I was at The Hideout Lodge & Guest Ranch in Shell, Wyoming some years ago, writing for two publications, about this unique place – a Guest Ranch at the base of the Big Horn Mountains in northern Wyoming. The Hideout was one of those places that is difficult to get to – about two hours east of Cody, Wyoming; but so worth it once there: great horse adventures, exceptional food, clean air, peace and quiet, a true sanctuary of the West.
The Hideout Guest Ranch experience offered then, and now, a strong sense of place, daily adventure, and promoted a deep love and respect for the nature that surrounds it. And it is in Shell, Wyoming, population 50, when I was there. I had an experience while I was in Shell, not at the Hideout. But it was because of the Hideout that I had this adventure, so I am, even so many years later, deeply grateful.
At The Hideout, they had many daily excursions for the guests. There were were day long or hours long trail rides, but also,there were Dinosaur hunts. I chose the latter, only because I had never been on one, and had never seen an actual Dinosaur track in ancient prehistoric mud flats. Another Hideout guest, John, also came on this Dinosaur hunt. All I knew about him was that he was not a horseman, and his cell-phone didn’t work very well. But he came with us, and marveled, like the rest of us, at the Dinosaur tracks in the ancient mud.
Our guides were Clifton and Ruth, a husband and wife team who were impassioned about fossils, the Jurassic period, what the mountains told us, what the stones disclosed. In the first few hours, we were consumed by walking along tidal areas where we actually saw Dinosaur footprints. Clifton put a poker chip near one of them, so we could see what the foot indentations looked like. Clifton explained that the Smithsonian Musuem and Harvard University had multiple digs around there, as he explained that it had only been about a million years ago that Wyoming – indeed most all of the West -- had been slightly above but mostly below water. Where we were standing was at one time deep tidal pools.

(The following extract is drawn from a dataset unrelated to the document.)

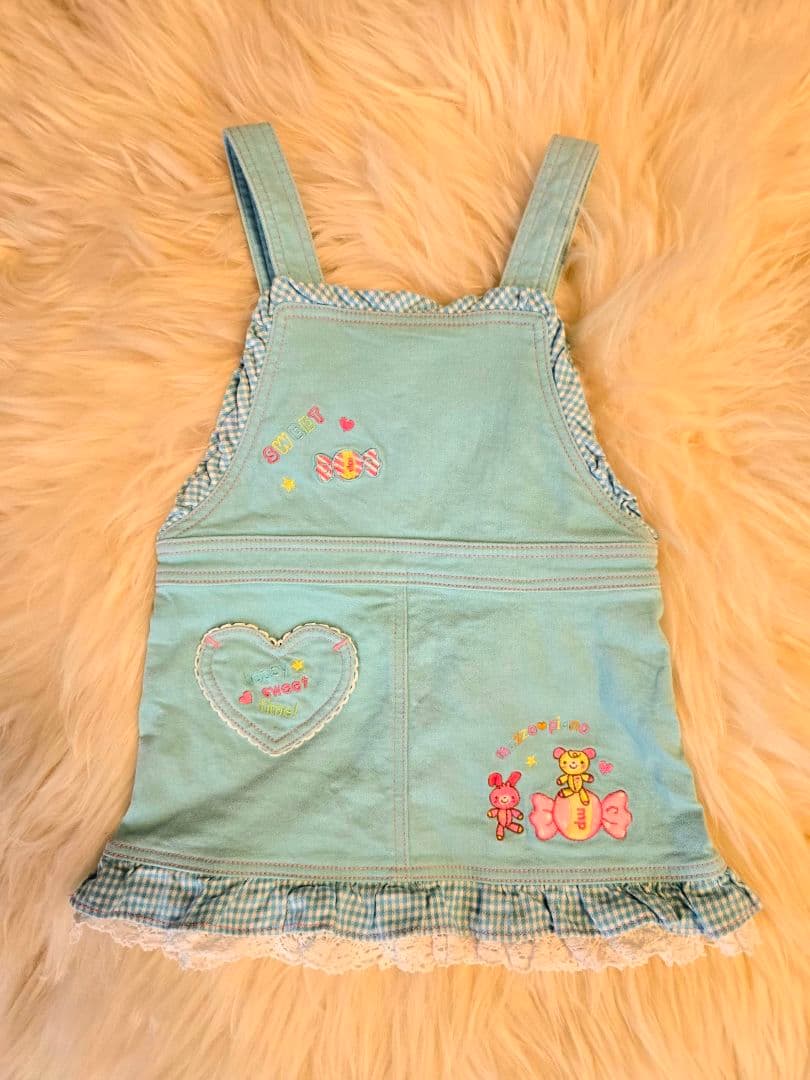 【✨激レア】⭐️MEZZO PIANO⭐️ベリエちゃんジャンバースカート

When we finished with the tidal basin, Clifton and Ruth and drove us across the highway down an old road, to a working ranch. On private land, we drove up into the hills, and then down into a crevice. Clifton knew of an exceptional archaeological dig where the diligent workers had recently uncovered one intact Stegosaurus skeleton. He knew they were working on uncovering more. The van stopped and we climbed up a steep hill – then, down into a valley.
There was the dig --one where only a few dedicated, dusty people worked with brushes and small, delicate chisels. What they found thus far was a skull of what they thought was another Stegosaurus, then down about 20 feet away were the remains of his or her vertebra. The lead paleontologist, Bob Simon, told us about the ancient creature, but all I wanted to do was touch the skull, and did. John followed, and touched it also.
As we touched, we saw the outlines of this archeological reality, but standing away from it, it also looked very much like a common rock we might have cleared away in our backyards. But through the dust-creased lines, it looked like it was smiling. An old, indented 250 million year old smile: ancient past and dusty present, equally parsed.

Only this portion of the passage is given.